ただ、ひとつ、絶対に本当のことがある。僕について何かが変わってしまった、ということだ。今、過去のどの一点とも違う自分がいるのだ。それが何なのかはわからない。状況の話なのか、僕の中での話なのか、わからない。正しい方向に変わったのか、誤った方向に変わったのか、わからない。ただ、明らかに違う自分が、そこに、目の前にいる、これは事実だ。僕は自問自答する。何が起きたのだろうか、と。でもそれがいったい何なのかはわからない。

 

小雨の夜の環七通りを信号待ちしていた。前の車のブレーキランプと信号で、フロントガラスの雨粒に赤い光が乱反射していた。車線を区切るアスファルトの黄色い線は、進路変更をしてはいけないことを告げている。僕はハンドルに手をかけたままぼんやりと視界の悪い前方を見つめている。そんなときに、ふと感じずにはいられないのだ。僕のどこかが変わったのだ、ということに。前の僕とは根本的に違う自分がいるのだ、ということに。そしてそれは本当に僕なのだろうか?

 

ある夜、僕はアルバイト先の先輩と二人で居酒屋に入った。いろいろな話をしていたら、いつの間にか夜が明けていた。頭上にはうっすらと白んでいく高田馬場の空が見えた。山手線は動き始めた。高架下を抜けて、眠気と酔いと疲れのまどろんだ目をロータリーの上空に向けたとき、僕が僕ではなくなったことを認識した。

 

大学の授業の空きコマに友人の家のソファーにもたれかかっていた。部屋には針の落とされたレコードからビートルズの曲が流れている。二階にはロフトもあり、高い天井に音が反響していた。彼が出してくれたコーヒーを飲んで4、5人でたわいもない話をしているとき、僕は過ぎ去っていった時間の重みを考えていた。

 

深夜の京都、鴨川沿いの遊歩道から見える対岸の料理屋の提灯が川面に映って揺らめいていた。
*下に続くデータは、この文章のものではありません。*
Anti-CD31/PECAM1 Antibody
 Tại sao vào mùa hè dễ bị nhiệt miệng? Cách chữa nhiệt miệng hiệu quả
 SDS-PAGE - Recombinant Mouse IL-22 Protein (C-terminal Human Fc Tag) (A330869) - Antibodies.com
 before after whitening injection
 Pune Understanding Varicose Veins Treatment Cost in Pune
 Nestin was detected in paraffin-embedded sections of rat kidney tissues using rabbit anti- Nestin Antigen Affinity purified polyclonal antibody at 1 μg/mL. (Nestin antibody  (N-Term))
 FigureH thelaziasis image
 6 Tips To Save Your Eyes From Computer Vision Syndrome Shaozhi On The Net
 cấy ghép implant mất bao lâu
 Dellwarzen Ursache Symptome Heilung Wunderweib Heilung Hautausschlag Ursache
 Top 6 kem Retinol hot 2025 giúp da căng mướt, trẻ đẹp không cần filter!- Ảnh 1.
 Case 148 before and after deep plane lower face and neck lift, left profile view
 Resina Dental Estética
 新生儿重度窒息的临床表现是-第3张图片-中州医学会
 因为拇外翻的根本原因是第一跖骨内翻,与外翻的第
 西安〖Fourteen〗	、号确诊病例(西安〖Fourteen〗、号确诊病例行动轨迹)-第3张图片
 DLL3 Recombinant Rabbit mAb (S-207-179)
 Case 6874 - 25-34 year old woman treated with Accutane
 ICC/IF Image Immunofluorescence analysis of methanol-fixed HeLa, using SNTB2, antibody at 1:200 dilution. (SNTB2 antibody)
四条大橋の下には大勢の恋人たちが二人で座っていた。橋から祇園までの道は、怪しげな灯篭の光で満たされていた。そんな中を歩いていたとき、今自分は何をしているのだろうと思った。

 

博多、西日本一の歓楽街、中洲。バーに入ってカクテルを浴びるほど飲んだ帰り道、無料案内所のネオンサインの光が、僕の酔った目には二重の輪郭をつくっていた。永遠に続いていきそうなきらめきの中を風俗店のキャッチに声を掛けられながら、ホテルまで歩いた。隣を歩く友人たちはゴールデンバットを吸っていた。何かを失ったのかもしれない、とそのときに思った。同時に、何かを得たのかもしれない、とも思った。 

 

赤レンガ倉庫はいつも絶対にそこにあった。夜の横浜、みなとみらいからは、レインボーブリッジが、そこを通る車の光とともに見える。海に浮かぶ客船は、たまに汽笛を上げる。内陸側には光ったランドマークタワーが、あの独特のフォルムで立ちはだかる。海沿いの手すりに手をかけて、すぐ下に広がる海を見つめる。うごめく波に吸い込まれていきそうだった。 そのとき、僕がここに存在していることを疑った。

 

露天風呂から夜空を見上げた。星がきれいだ。標高の高い箱根湯本は、もう冬の空気で、吐く息と湯気の白色の水蒸気があたりに立ち込めている。同じ湯舟にちょうど一年前に入ったのだった。足を延ばして、目を閉じた。かつて想像もつかなった世界を今、生きているのを実感した。

 

普段のなんてこともない朝、明治通りを大学まで歩く通学路、隣を走る車の音をイヤホンから流れる音楽でかき消しながら一限に間に合うように早歩きする。諏訪町交差点では警察がバス専用レーンの取り締まりを行っている。朝からご苦労様だ。そんなとき、ふと空を見上げると抜けるような青空が広がっていた。 そんな天気だと、どうしても、大学のキャンパスの4階の屋外の渡り廊下に行ってしまう。僕の大好きな場所だ。暇なとき、わざわざそこまで行ってたそがれる。そこから、北のほうを見ると眼下に若者たちが中庭を歩いたり、ベンチに座ったりしているのが見える。南のほうには新宿の高層ビル群がそびえている。そんな景色を見て、明治通りをサイレンを鳴らして走る緊急自動車の音を聞きながら、大きく息を吐く。なんで自分が今ここにいるのかを考える。それが、偶然なのか必然なのか、いつも分からなくなる。